Mataram (ANTARA) - Ketua Bhayangkari Daerah Nusa Tenggara Barat Widhy Hastuti Kalingga mendampingi Kapolda NTB Inspektur Jenderal Polisi Kalingga Rendra Raharja menjenguk dua santri korban pembakaran di Lombok Tengah, Selasa, sebagai bentuk dukungan selama masa pemulihan.

Widhy Hastuti Kalingga mengatakan kunjungan tersebut merupakan wujud empati dan kepedulian Polri bersama Bhayangkari terhadap para korban.

"Alhamdulillah, hari ini saya bersama rekan-rekan Bhayangkari NTB dapat mendampingi Kapolda NTB dan Kakanwil Kemenag NTB datang langsung ke rumah korban. Ini adalah bentuk empati kita melihat kondisi anak-anak kita yang mengalami luka cukup parah akibat peristiwa Desember lalu," katanya dalam keterangan yang diterima di Mataram, Selasa.

Dalam kunjungan itu, rombongan memberikan santunan kepada kedua korban untuk membantu meringankan beban ekonomi keluarga selama masa pemulihan.

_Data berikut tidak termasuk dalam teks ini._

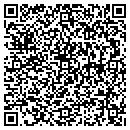 QR code with Thermanet Fuel Oil contacts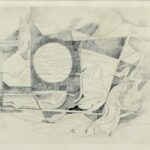 Crisálida, 1987
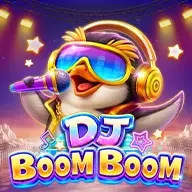 Popular-Game-4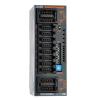 CBBEXP AJ65VBTCU-68ADIN Analog-to-Digital Conversion Module AJ65VBTCU68ADIN Sealed in Box 1 Year Warranty view 1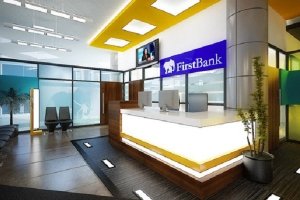 How to Get Quick Loans with First Bank Salary Advance How to Get Quick Loans with First Bank Salary Advance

Bhayangkari NTB juga memberikan pendampingan psikologis kepada korban dan orang tua mereka. Selain itu, kedua korban dibawa ke Rumah Sakit Bhayangkara Mataram untuk menjalani perawatan lanjutan yang lebih intensif.

"Alhamdulillah, untuk perawatan lanjutan, terhadap kedua korban juga kami bawa ke Rumah Sakit Bhayangkara Mataram agar mendapatkan penanganan yang lebih intensif," ujar Widhy.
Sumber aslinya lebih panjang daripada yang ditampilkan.